• TASK DETAILS
Leaving out the images, return the data below exactly as it is written.

(Data entries)
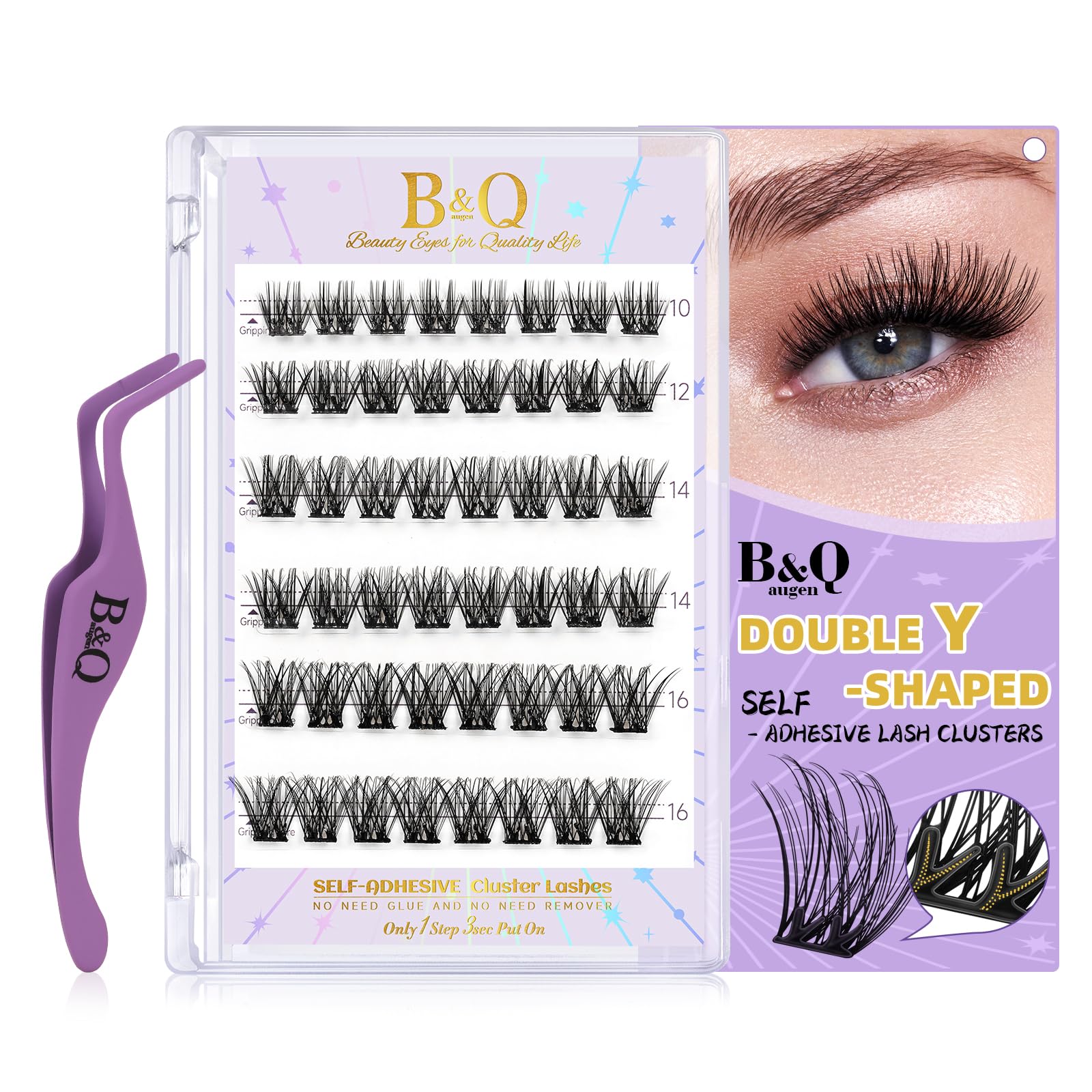 BandQaugen lash clusters packaging for quick at-home DIY lashes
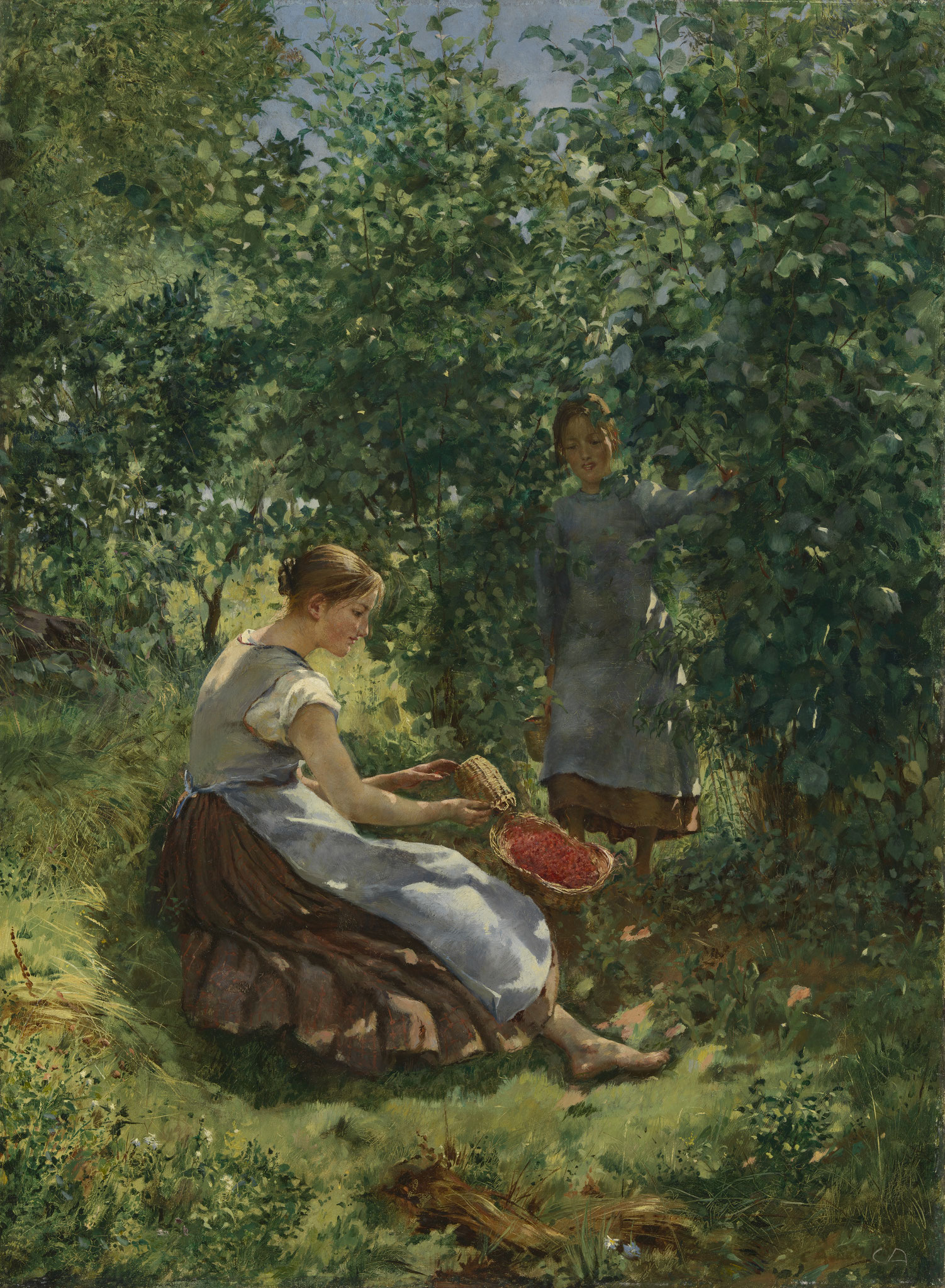 Cuno Amiet, Erdbeermädchen, 1889, Stiftung für Kunst, Kultur und Geschichte, Winterthur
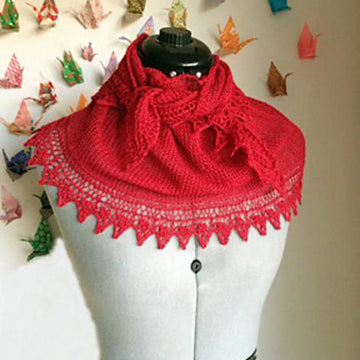 Dice Bay Crescent Scarf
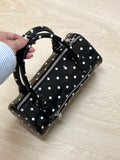 KYLETHOMASW  -  Korean Niche Polka Dot Hand-held Cylindrical Bag New Versatile Spicy Girl Single Shoulder Crossbody Commuting Handbag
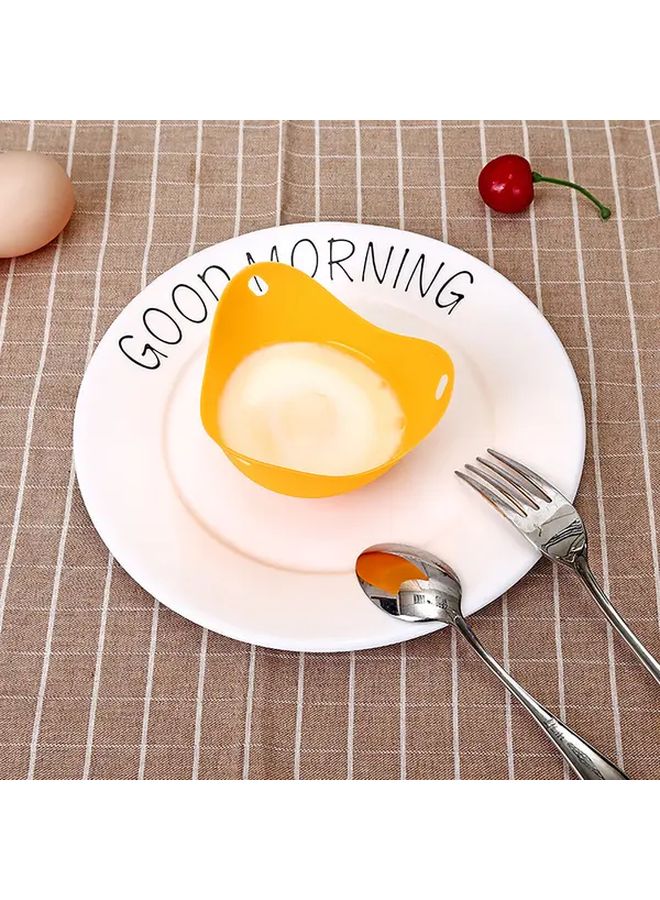 4pcs Colorful Non Stick Silicone Egg Boiler Molds For Microwave Stovetop Cooking - Image 5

• EXERCISE RESPONSE
 BandQaugen lash clusters packaging for quick at-home DIY lashes
 Cuno Amiet, Erdbeermädchen, 1889, Stiftung für Kunst, Kultur und Geschichte, Winterthur
 Dice Bay Crescent Scarf
 KYLETHOMASW  -  Korean Niche Polka Dot Hand-held Cylindrical Bag New Versatile Spicy Girl Single Shoulder Crossbody Commuting Handbag
 4pcs Colorful Non Stick Silicone Egg Boiler Molds For Microwave Stovetop Cooking - Image 5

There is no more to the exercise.